And "fast" certainly applies to "Vanessa," which, we learn in the supplementary material on Severin's well-produced DVD, was shot in a matter of weeks and with an incomplete and largely ignored screenplay. Veteran skin purveyor Hubert Frank admits in a new interview that back in the day, he and others in the same field worked in quantity, not quality. So he had no problem signing on for a movie that had a script "that everyone knew" was a mess but no one seemed too concerned about fixing. "I was hired as an improvisational director," Frank says with a smile. "Nothing was prepared from one day to the next," adds director of photography Franz X. Lederle.
The story line, if you can find it, seems to go like this: Beautiful young convent-raised Vanessa (Olivia Pascal) learns her last living relative has died and bequeathed to her a lucrative chain of bordellos in Hong Kong, as well as a sizable piece of land. She heads East and immediately befriends a group of wealthy and idle Europeans, including a young but savvy bisexual, Jackie (Uschi Zech), Jackie's promiscuous sister and the sister's elegant but sinister husband, Major Cooper. The latter is played by the respected Anton Diffring, a German star of such substantial works as "The Blue Max" and Truffaut's "Fahrenheit 451"; he must have had to count to zehn many times here to keep his cool.
There's also a handsome blond guy, Adrian (Gunter Clemens), who runs a vineyard on the land Vanessa stands to take over, and is ready to fight her (and practically rape her) for it. That is, until, within about 5 minutes of screen time, he falls in love with her. Then there's a weirdo prince (played by a huge-eyed look-alike for the late American actor Edward Albert) who brags, "At a distance, I can copulate with a woman without anyone even noticing." Okay, but where's the fun in that?
But all plot is secondary to the nudity and sex. The tall, lovely 20-year-old Pascal, while no actress, knows how to be naked, as do many of the other actresses and extras (the men remain coyly unexposed). And "Vanessa" has something else that really tells you we're in the '70s: pubic hair.
A mildly troubling, politically correct note: While the film is set and shot in Hong Kong, no Asians, except for some dialogue-less extras, appear. And the few Asian characters with lines are played, with little attempt at makeup, by Europeans. Perhaps the German crew's having to deal with non-German-speaking actors would have caused the unforgivable: a production slowdown.

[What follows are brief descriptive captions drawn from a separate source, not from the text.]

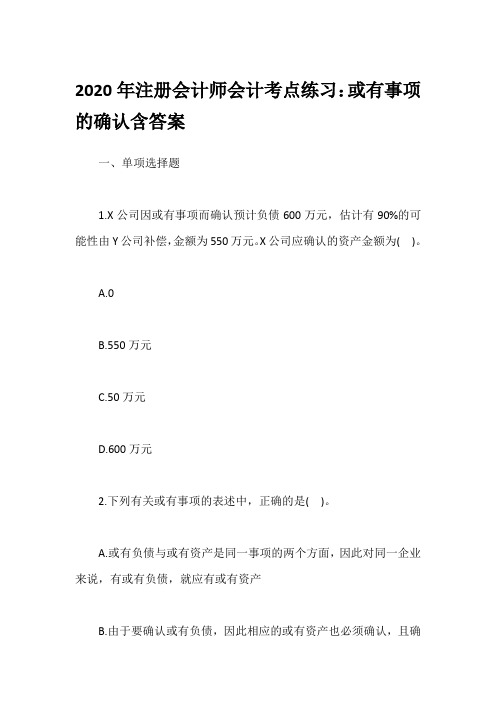 2020年注册会计师会计考点练习：或有事项的确认含答案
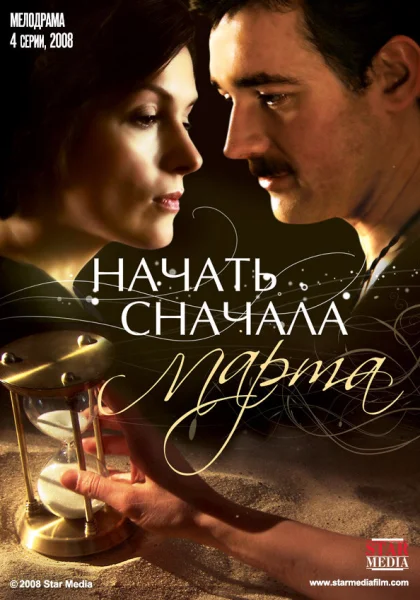  Начать сначала. Марта (2008)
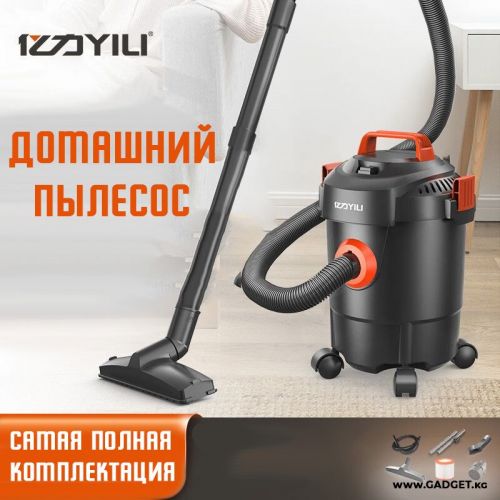 Домашний пылесос Yili YLW6263A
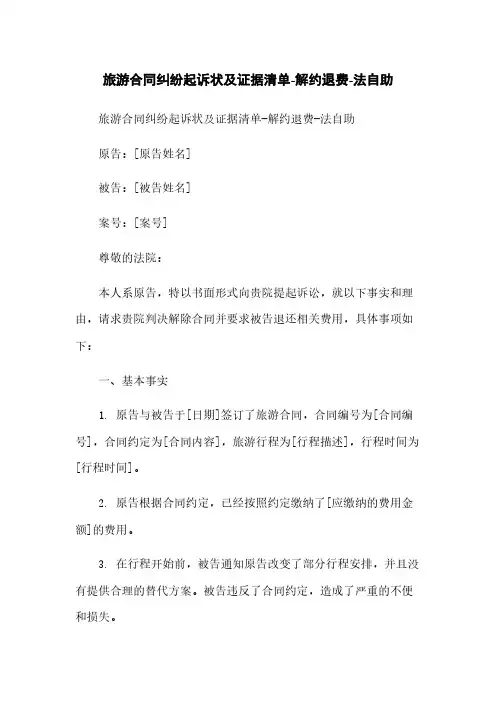 旅游合同纠纷起诉状及证据清单-解约退费-法自助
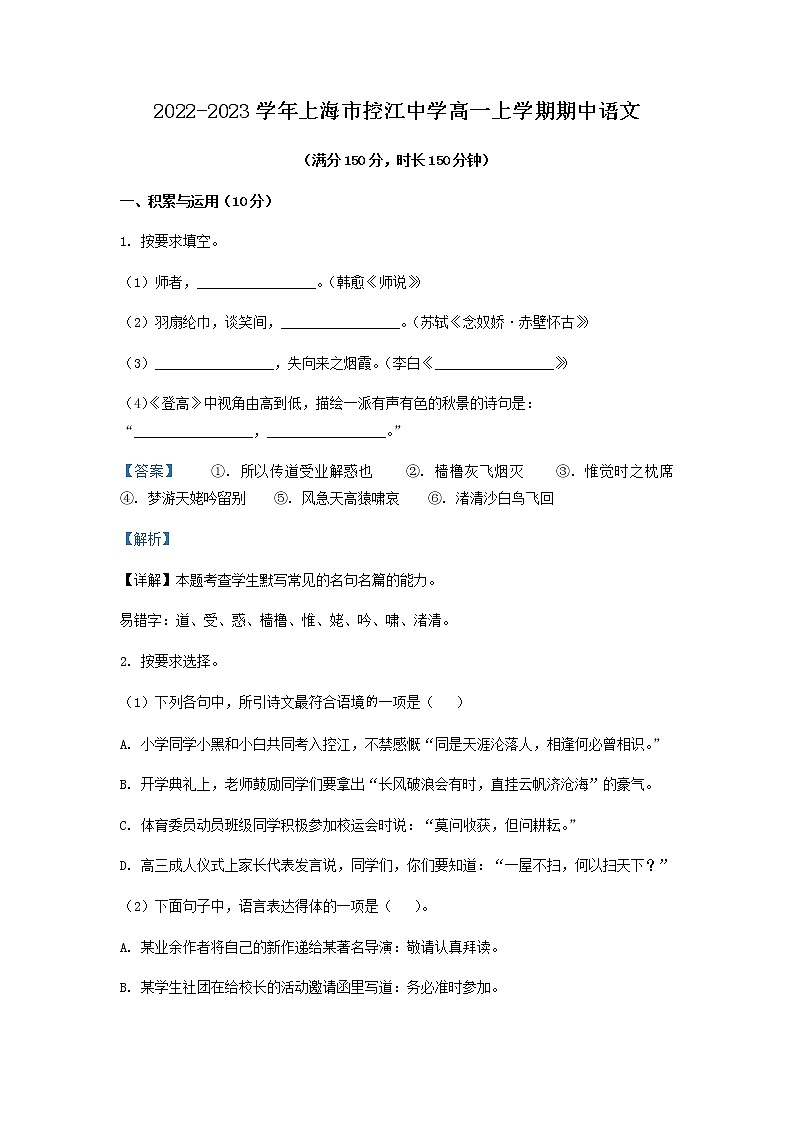 2022-2023学年上海市控江中学高一上学期期中语文试题含解析01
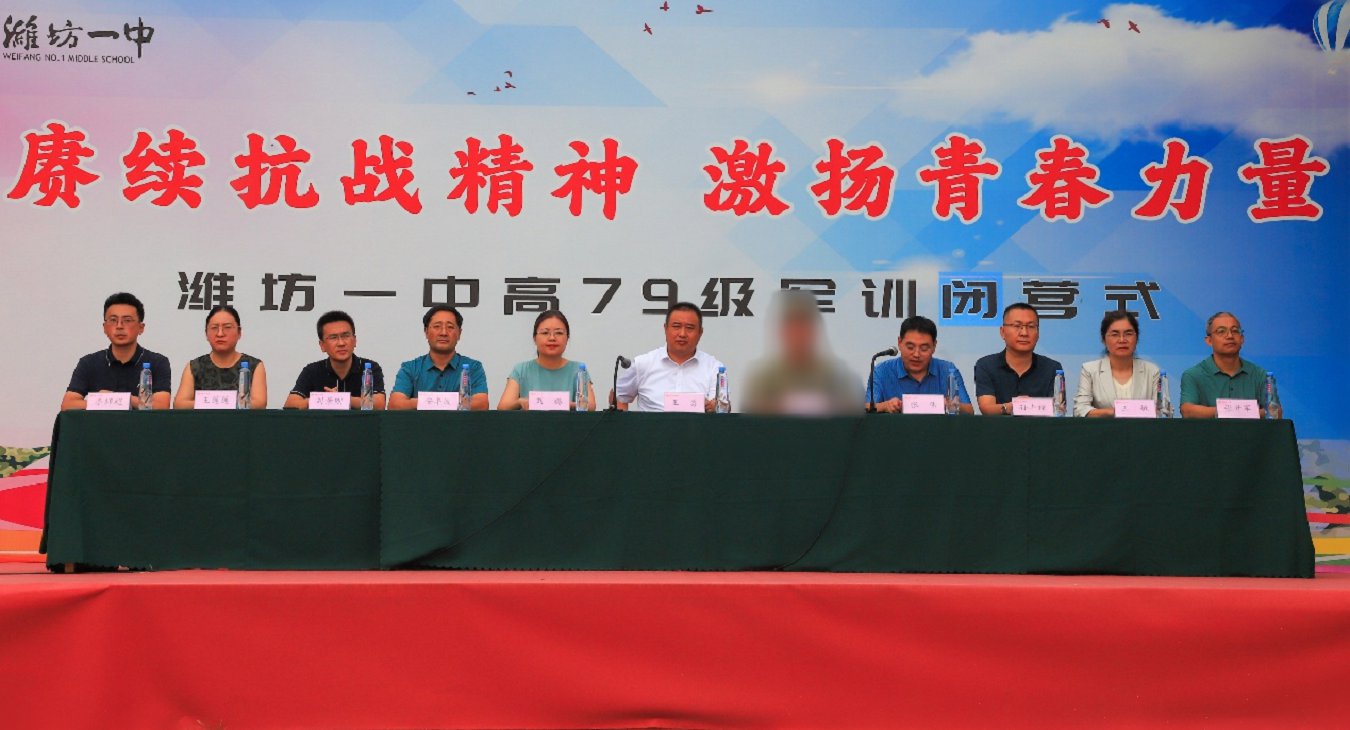 微信图片_20250908144945.png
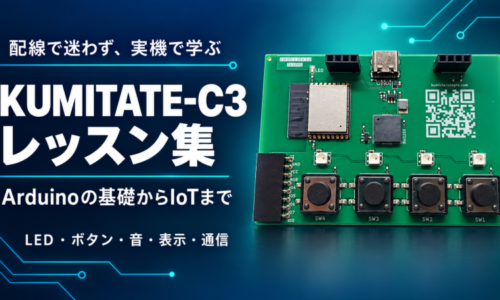 KUMITATE-C3レッスン集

"Vanessa" is another fine DVD from erotica excavators Severin Films. The movie, shot in Playboy pastels of the 1970s, has been nicely restored and is presented in 1.78:1 widescreen. The sudden cutaways from scenes that don't seem finished is not the fault of the print: that's the way the film was edited.

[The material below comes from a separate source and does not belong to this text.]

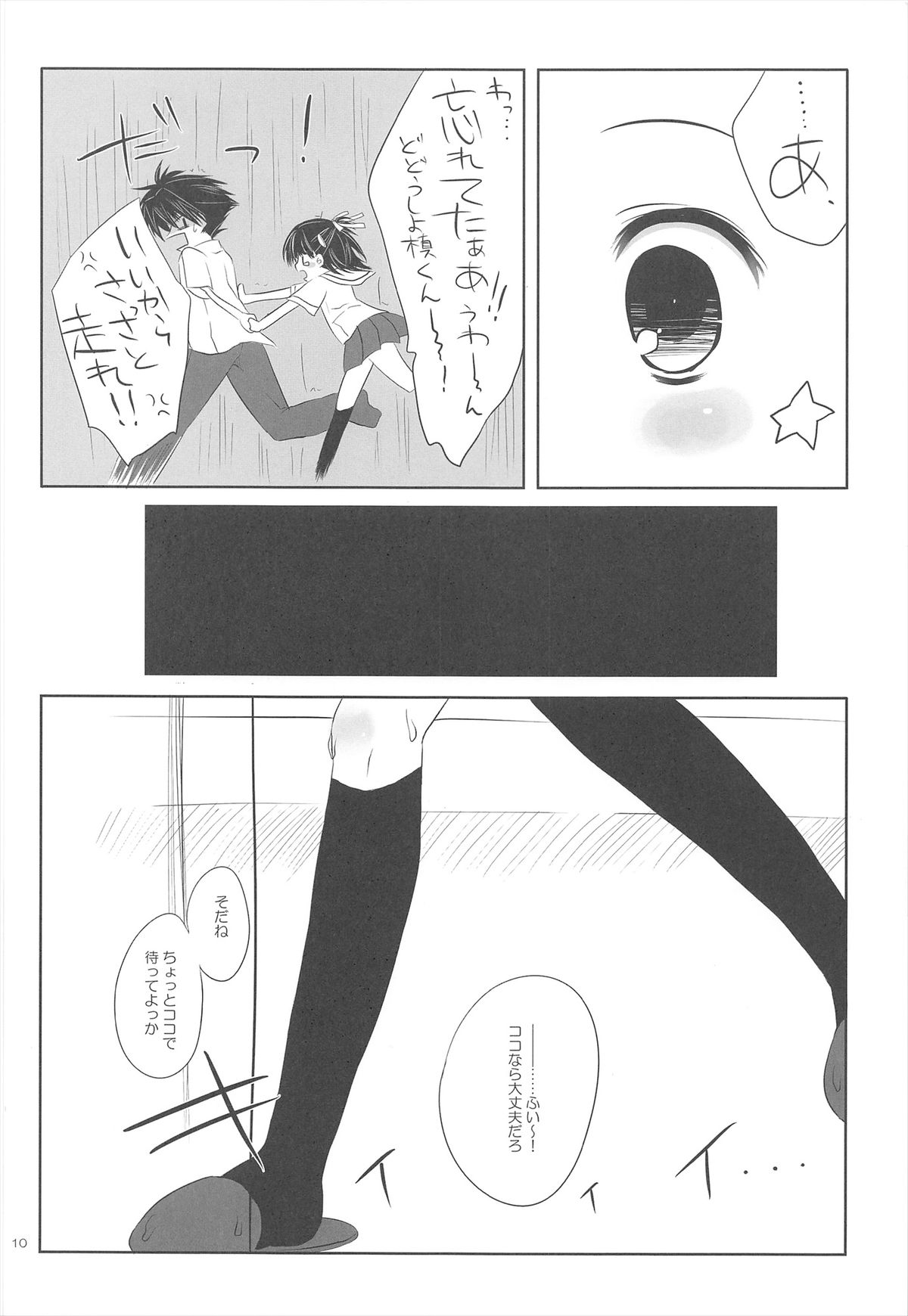 SMOOTHY page 10 full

The sound is Dolby Digital mono, but no amount of techno-futzing around can overcome the awfulness of dubbed dialogue; removing the original German speech also meant removing the natural ambient sound, which leaves us with that annoying hollowness.

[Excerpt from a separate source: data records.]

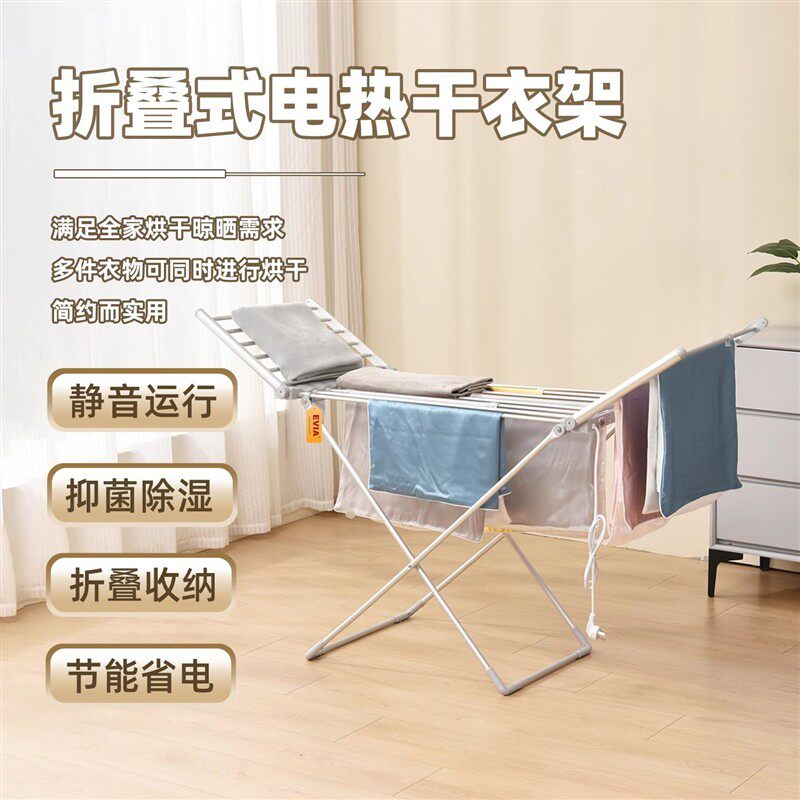 110V美规台湾电热烘干衣架可折叠晾衣架婴儿衣服毛巾室内加热衣杆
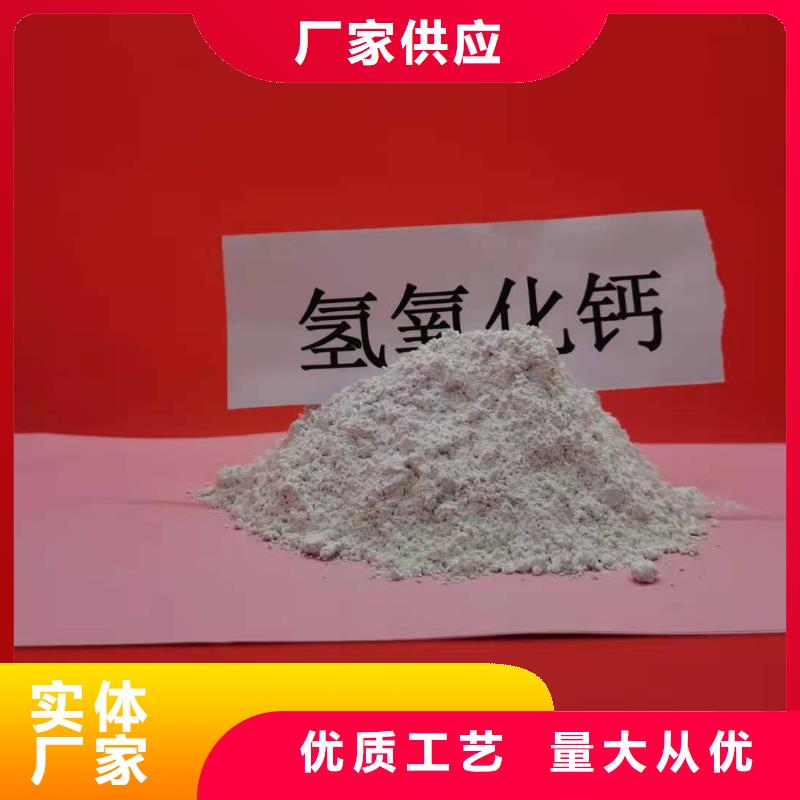 定制
鋼廠干法脫硫的廠家超產(chǎn)品在細(xì)節(jié)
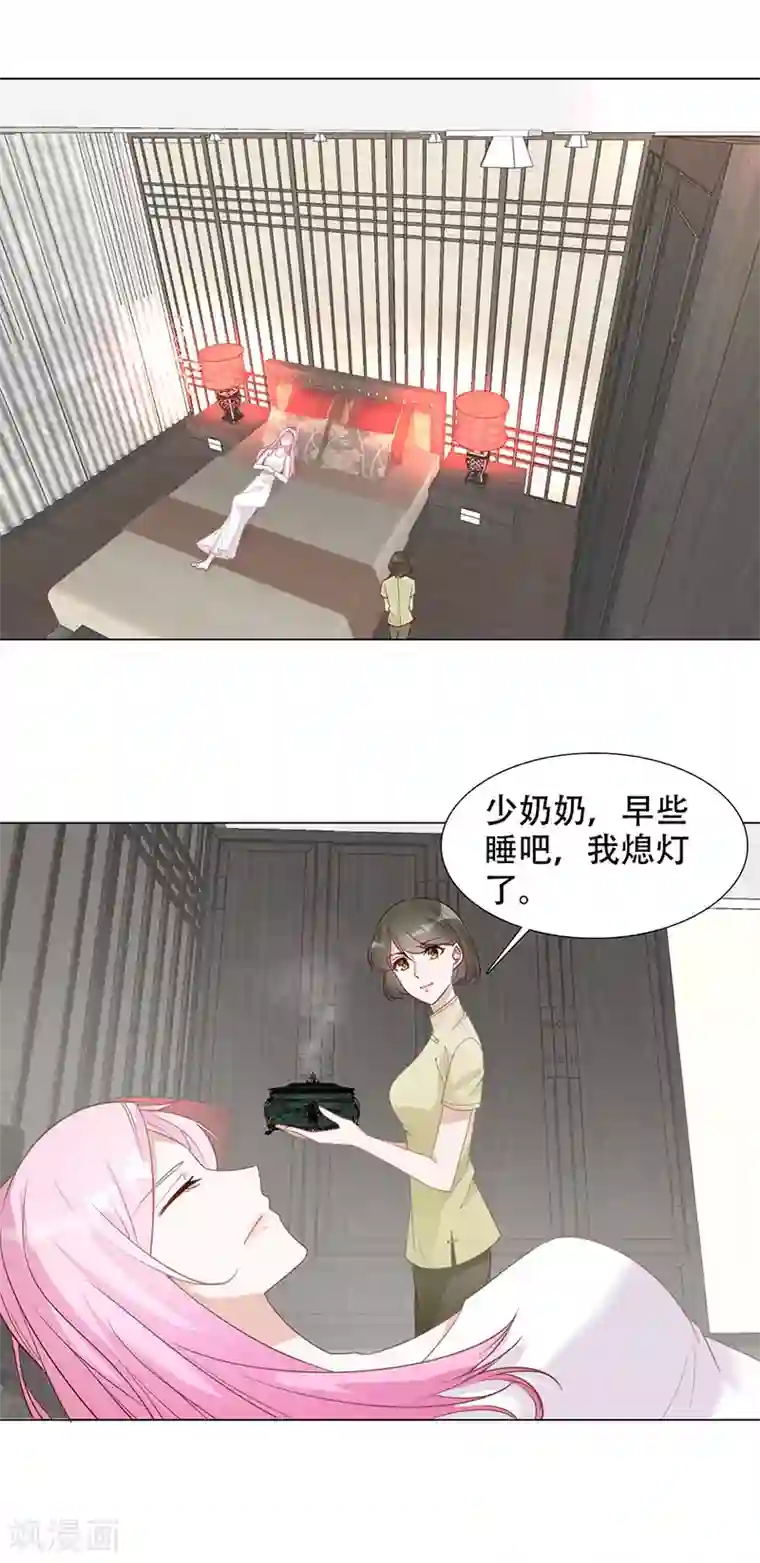 豪门盛宠第7话 赫连家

The disc's extras are worthwhile. There's an original English-language trailer that makes the film actually look good, and gives away a good deal of the nudity. A half-hour-long 2007 joint interview with director Hubert Frank and cinematographer Franz X. Lederle is more interesting than anything in the movie itself would lead you to expect. And a 15-minute behind-the-scenes featurette offers soundless raw footage of scenes being shot (apparently, decades before DVD extras would become de rigueur, someone thought it would be a good idea to film the cameramen filming the movie). The footage is chiefly of the nude scenes and provides some closeups you won't see in the finished film.
The main menu features a still shot of starlet Olivia Pascal, as well as some quadrants with live-action nudity. The 15 chapter selection screens have still shots to help you locate favorite frolicsome moments.
Hardly a good movie, 1977's "Vanessa" is nevertheless watchable both as an artifact of post-"Emmanuelle" erotica and for the copious skin on display. Olivia Pascal, a Jessica Biel-ish beauty, says little but gets her message across just fine. The extras are solid and this disc would rank as "recommended" if only the film made a bit more sense.